Your goal:
What is needed is an exact retyping of each entry, pictures excluded.
++++ Data supplied
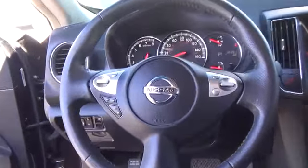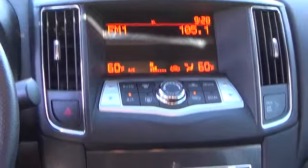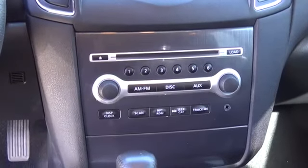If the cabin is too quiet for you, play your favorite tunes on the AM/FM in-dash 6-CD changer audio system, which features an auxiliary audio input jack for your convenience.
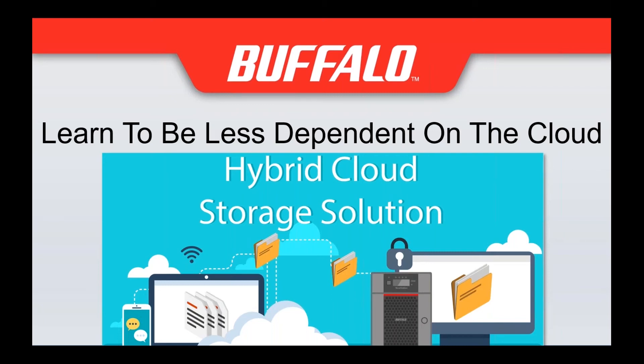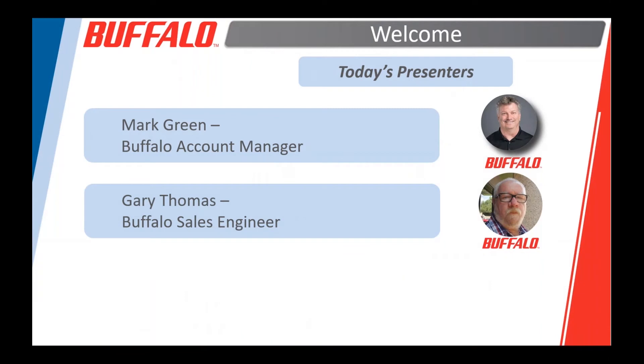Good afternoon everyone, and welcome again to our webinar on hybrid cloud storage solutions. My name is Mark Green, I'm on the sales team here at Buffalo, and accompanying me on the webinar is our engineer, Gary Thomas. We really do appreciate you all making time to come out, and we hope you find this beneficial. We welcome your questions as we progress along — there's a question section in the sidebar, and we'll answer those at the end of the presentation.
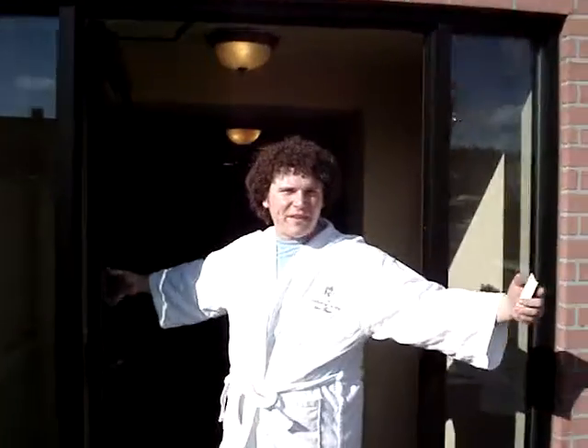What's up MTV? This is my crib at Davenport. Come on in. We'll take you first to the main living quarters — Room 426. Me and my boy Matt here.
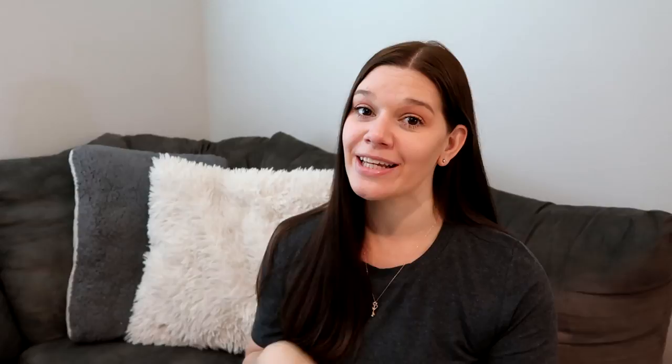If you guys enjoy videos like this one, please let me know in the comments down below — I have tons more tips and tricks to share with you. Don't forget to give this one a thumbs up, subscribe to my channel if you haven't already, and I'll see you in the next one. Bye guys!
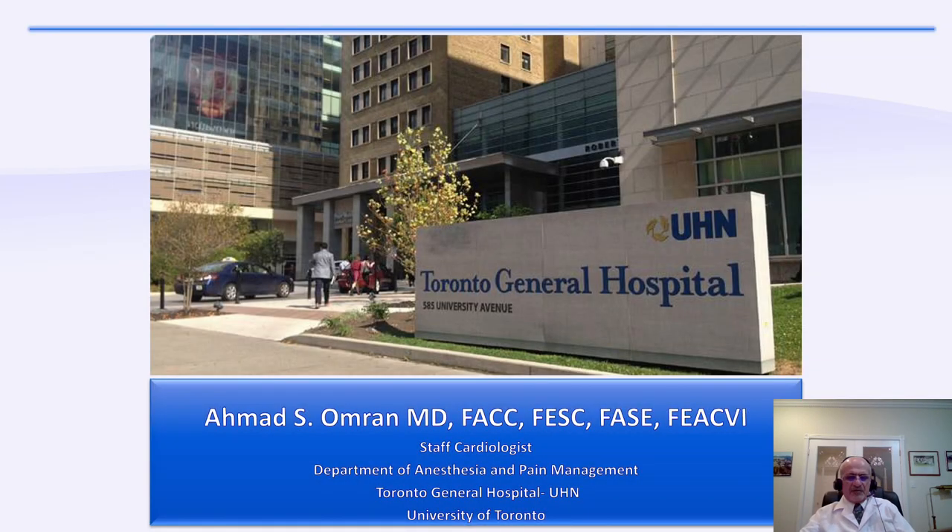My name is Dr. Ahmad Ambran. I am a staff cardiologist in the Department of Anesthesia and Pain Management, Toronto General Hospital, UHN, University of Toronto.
++++++++
Task output:
If the cabin is too quiet for you, play your favorite tunes on the AM/FM in-dash 6-CD changer audio system, which features an auxiliary audio input jack for your convenience.
Good afternoon everyone, and welcome again to our webinar on hybrid cloud storage solutions. My name is Mark Green, I'm on the sales team here at Buffalo, and accompanying me on the webinar is our engineer, Gary Thomas. We really do appreciate you all making time to come out, and we hope you find this beneficial. We welcome your questions as we progress along — there's a question section in the sidebar, and we'll answer those at the end of the presentation.
What's up MTV? This is my crib at Davenport. Come on in. We'll take you first to the main living quarters — Room 426. Me and my boy Matt here.
If you guys enjoy videos like this one, please let me know in the comments down below — I have tons more tips and tricks to share with you. Don't forget to give this one a thumbs up, subscribe to my channel if you haven't already, and I'll see you in the next one. Bye guys!
My name is Dr. Ahmad Ambran. I am a staff cardiologist in the Department of Anesthesia and Pain Management, Toronto General Hospital, UHN, University of Toronto.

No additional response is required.